1: variable drive with a Foettinger torque converter

2: variable drive with a Foettinger clutch

3: fixed drive with throttle before the charger

Usefull addition to 2-3: variable intake swirl ''Dralldrossel''

With a Pop off valve, you will allways compress the max. amount of air with the maximum compression ratio resulting in maximum power consumption an charge air cooling requirement

 

[Dagger]

One aspect of this is that its efficiency goes down as the speed ratio between driving and driven shaft goes up, leading to an increase in rejected heat, which as Niknik pointed out wasn't a trivial amount.

I understand the cooling problem that Pasoleati and NickNick mentioned, so apparently the fluid drive cannot be operated below say 75 % speed, resulting in overboost up to 2.2 km that has to be throttled away, but that does not explain why between 2.2 and 5.3 km there is again overboost while there is none at 2.2 km.
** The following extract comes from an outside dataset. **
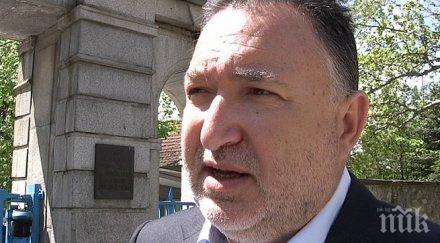карловският кмет обвинение заради договор ковачки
The supercharger pressure ratio at 3 and 4 km is about 5 % and 8 % too high meaning that the impeller speed could have been about 4 % and 5 % lower as that would still have given a speed well above the minimum required 75% speed.
Hence my impression that the manifold pressure control system is not optimal.

Note also that the graph that you linked to is for the DB 605. One would think that by the time the DB 605 went into operation they would have improved the control above 2.2 km, but apparently not.

 

[Nicknick]

We know, that German engine development during WW2 wasn't allways straight forward, threre have been lot of bombardments, material shortages, cooling proplems and a lot of varients by using up whatever parts were available. Just because of one chart, I wouldn t conclude that this pressure regulation characteristic was intended that way and used on all DB 605. The German developres shurly had something different in mind, but had to react to things like insufficient cooling capacity, wrong type of Kommandogeraet, not enough testing etc..

 

[Dagger]

In the mean time I went through some books I have and, to my surprise, Michael Baumgartl in his Bf 109 book page 388-389 actually mentions the problem with too high supercharger pressure at 3 to 4 km altitude:

"Probleme gab es auch mit dem Gebläsedruckverlauf beim DB 605. Offenbar war der Gebläsedruckanstieg nach Zuschaltung in etwa 2 km Höhe viel zu stark, was in Höhen von 3 bis 4 km zu einem unnötigen Leistungsverlust führte."

"Auch die E'Stelle Rechlin hatte auf dem Höhenprüfstand festgestellt, dass die Leistung des DB 605 zwischen 2 und 5 km trotz der hydraulischen Kupplung einen ähnlichen Verlauf nimmt wie ein Motor mit einem Lader mit mechanischem Schaltgetriebe."

 

[Scott Kenny]

With a Pop off valve, you will allways compress the max. amount of air with the maximum compression ratio resulting in maximum power consumption an charge air cooling requirement

Yes, and it is also greatly simpler than trying to control the pressures some other way.

 

[Dagger]

Yes, and it is also greatly simpler than trying to control the pressures some other way.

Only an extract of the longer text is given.